The majority of the panel, Mr. Ronson dissenting, determined that there was a labour relations purpose to completing the hearing at this time. First, the Board ought not lightly adjourn an application for certification, particularly where, as in this case, its resolution is well outside the Legislature’s expectation of a speedy vote process. Second, the matter can be completed in the scheduled day. It seems an inappropriate use of resources to convene a hearing, then adjourn it without completing what can usefully be accomplished in a day. Third, OPSEU’s argument that employees should know the identity of their bargaining agent because it fundamentally affects the regime that governs the terms and conditions of their employment is compelling.
Mr. Ronson dissented, expressing the view that the PSLRTA is legislation designed specifically to resolve the labour relations fallout of municipality restructuring, and consequently, the Board should defer to that process, which has already begun, to find a solution to these bargaining unit dilemmas. Mr. Ronson is concerned that proceeding with the case in front of this panel, will create unnecessary labour relations frictions at a time when the parties are already embroiled in the PSLRTA matter.

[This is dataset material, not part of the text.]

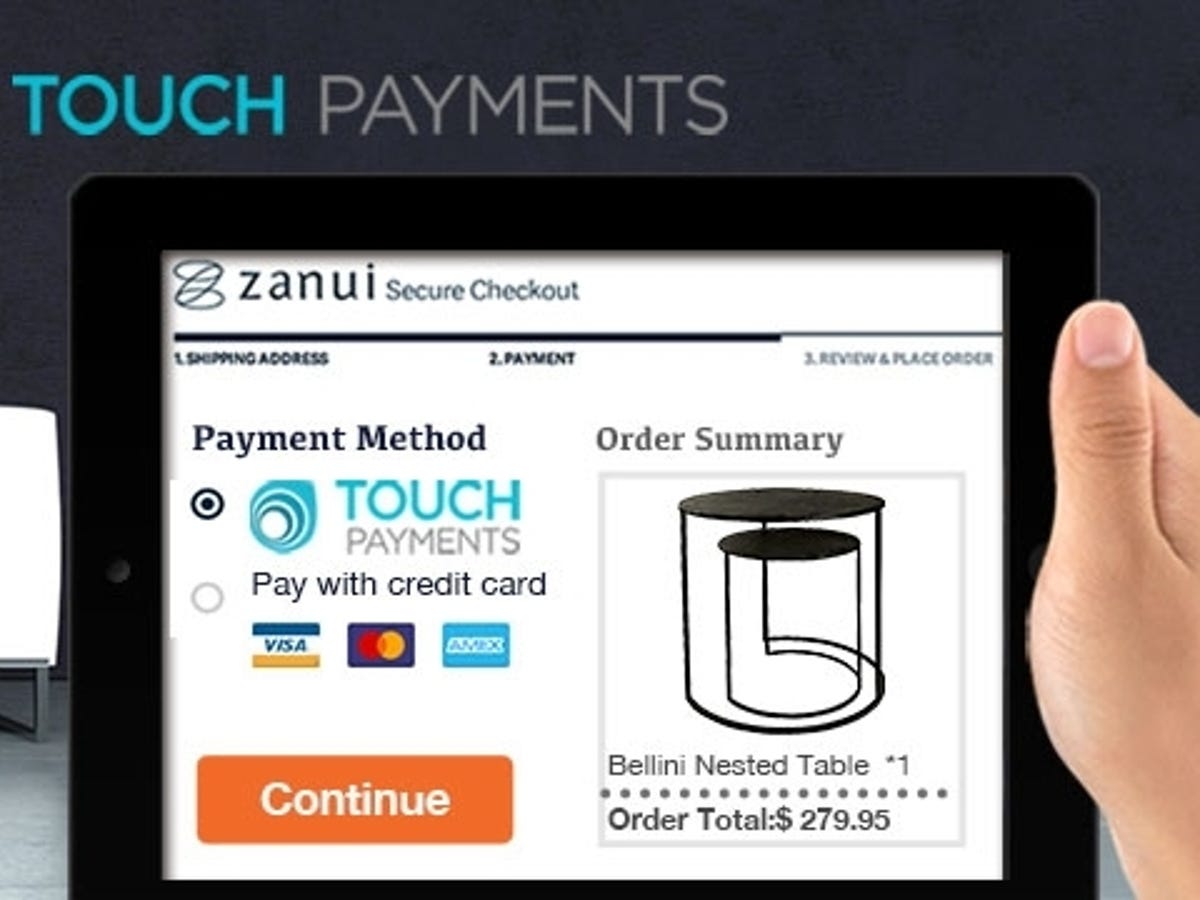 touchpayments.jpg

As set out earlier, the parties and this panel had the benefit of the findings of fact in the first panel’s May 25, 2001 decision, as well as the terms of the voluntary recognition agreement itself. As the parties requested, the Board considered both the oral arguments made to this panel, and the written submissions all had previously tendered in response to the direction of the first panel.
The voluntary recognition agreement signed August 1, 2000 has a number of recitals. It notes that Hamilton and CUPE have a longstanding collective bargaining relationship that at present, covers approximately 1030 “inside” workers. As of August 1, 2000, Hamilton will become responsible, pursuant to legislation, for the provision of land ambulance services. To meet that commitment, it has offered employment to a number of paramedic employees, and those on the attached list have accepted that employment. The agreement also acknowledges OPSEU’s application for certification but concludes “that at all material times” CUPE held bargaining rights for those employees by virtue of the scope clause in its collective agreement with Hamilton. Then, in the alternative, and specifically relying on a decision of the Board in York [2000] OLRB Rep. March 371, Hamilton agrees to voluntarily recognise CUPE as the exclusive bargaining agent for the paramedic employees, effective the date of their employment with Hamilton or July 31, 2000, whichever is earlier.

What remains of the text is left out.